In this chapter, I am going to discuss various reflection principles, taking into account both their arithmetical and truth-theoretical strength. As for the arithmetical component, it would be good to know at least whether adding a given reflection principle leads us beyond the base theory (Peano arithmetic). On the other hand, when assessing truth-theoretic strength, one needs to know how powerful the reflection principles are in proving truth-theoretic generalisations. All in all, one needs to be clear about how helpful reflection can be in solving the problem of deductive weakness of some truth theories (conservative or disquotational ones).Without such a knowledge, there seems to be little point of entering a philosophical debate about reflection.
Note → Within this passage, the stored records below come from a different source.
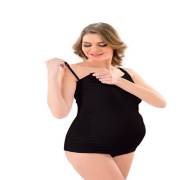 Hilarity 30991 Emzirme ve Hamile Atlet Siyah - XL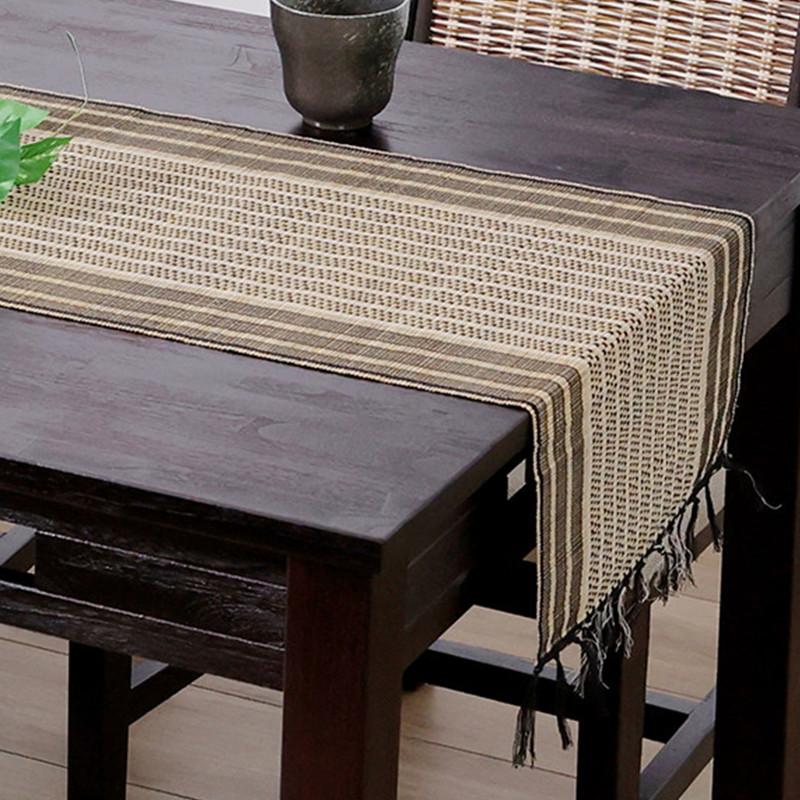 アジアン家具 ダイニングテーブルセット 4人用 5点セット 120cm バナナ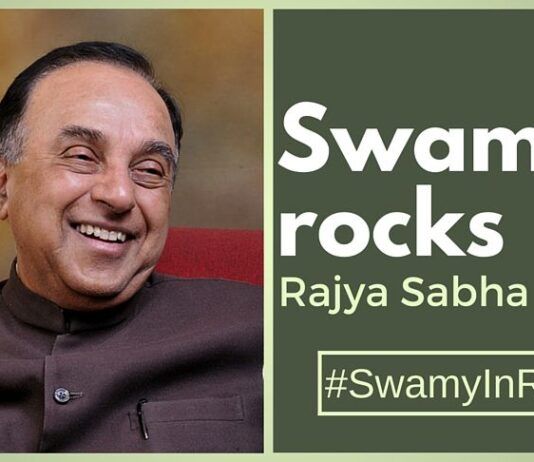 Swamy rocks Rajya Sabha forcing Congress to play defense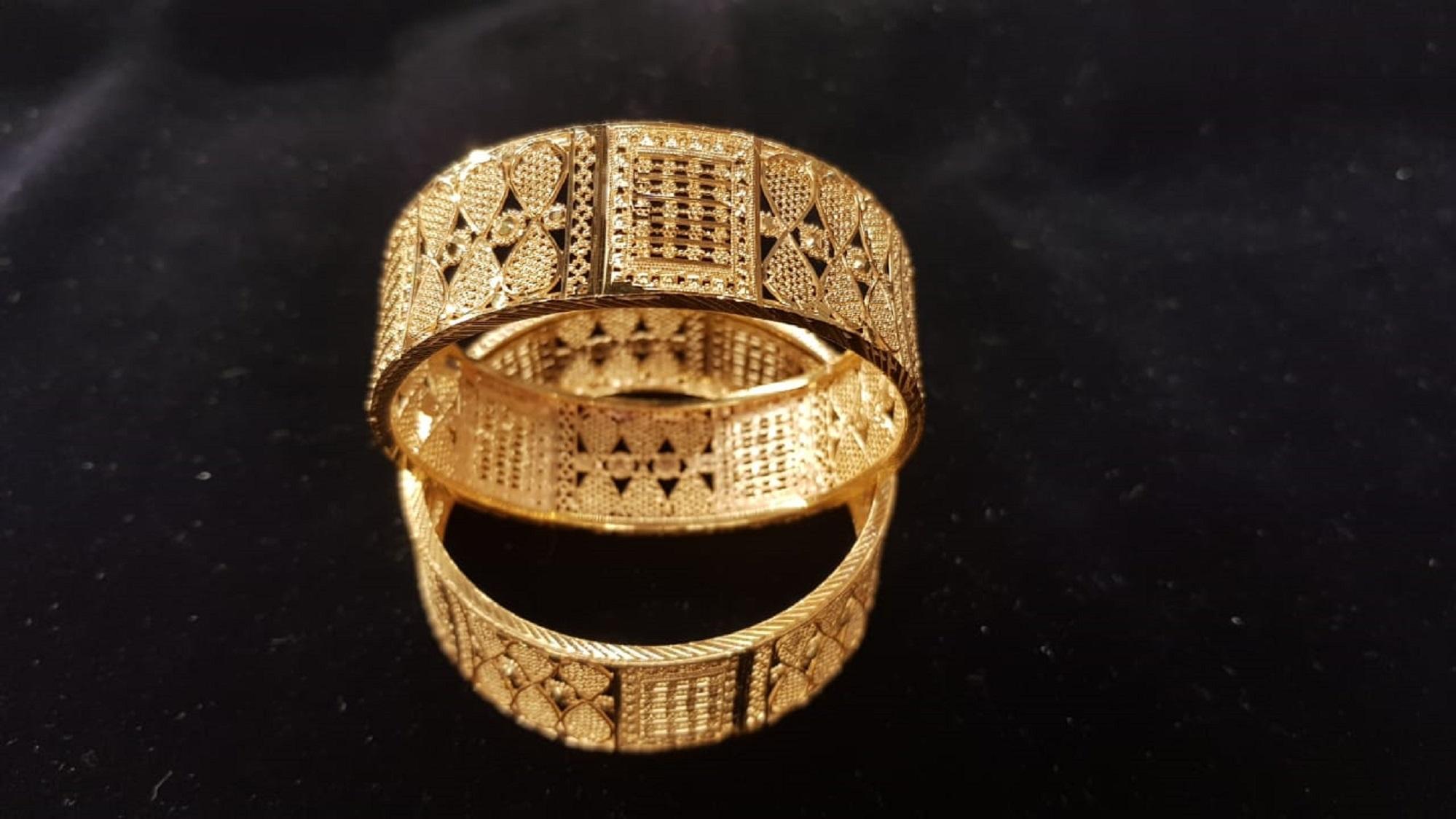 Latest Light Weight Gold Plated Bangles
Definition 1.5.1 has introduced three types of reflection principles for an arithmetical theory S: the global, the uniform, and the local one. Here I will consider reflection in a more general setting. Intuitively, a reflection principle for a class Γ (there is no assumption that Γ contains arithmetical sentences only) is a sentence or a set of sentences stating the soundness of Γ. The principle in question can have a form of a global principle, or it can be a schematic expression of soundness, in the style of (UR) or (LR), that is, it can be (cf. again Definition 1.5.1). In general, the strength of the principle will depend on the choice of Γ.

In the context of discussing axiomatic characterisations of light notions of truth, an obvious choice of Γ is the set of disquotational axioms. Indeed, it turns out that, when applied to such a set, some forms of reflection produce theories which are truth-theoretically strong. I will start, however, with a discussion of reflection for some classes Γ containing arithmetical sentences only. This will permit to get a clearer overall picture of the situation. At this initial stage, before venturing further, I want (at the very least) to indicate some classes Γ for which reflection seems intuitively natural and obvious. A more ambitious objective would be to approach the question of what really explains the arithmetical strength of reflection principles.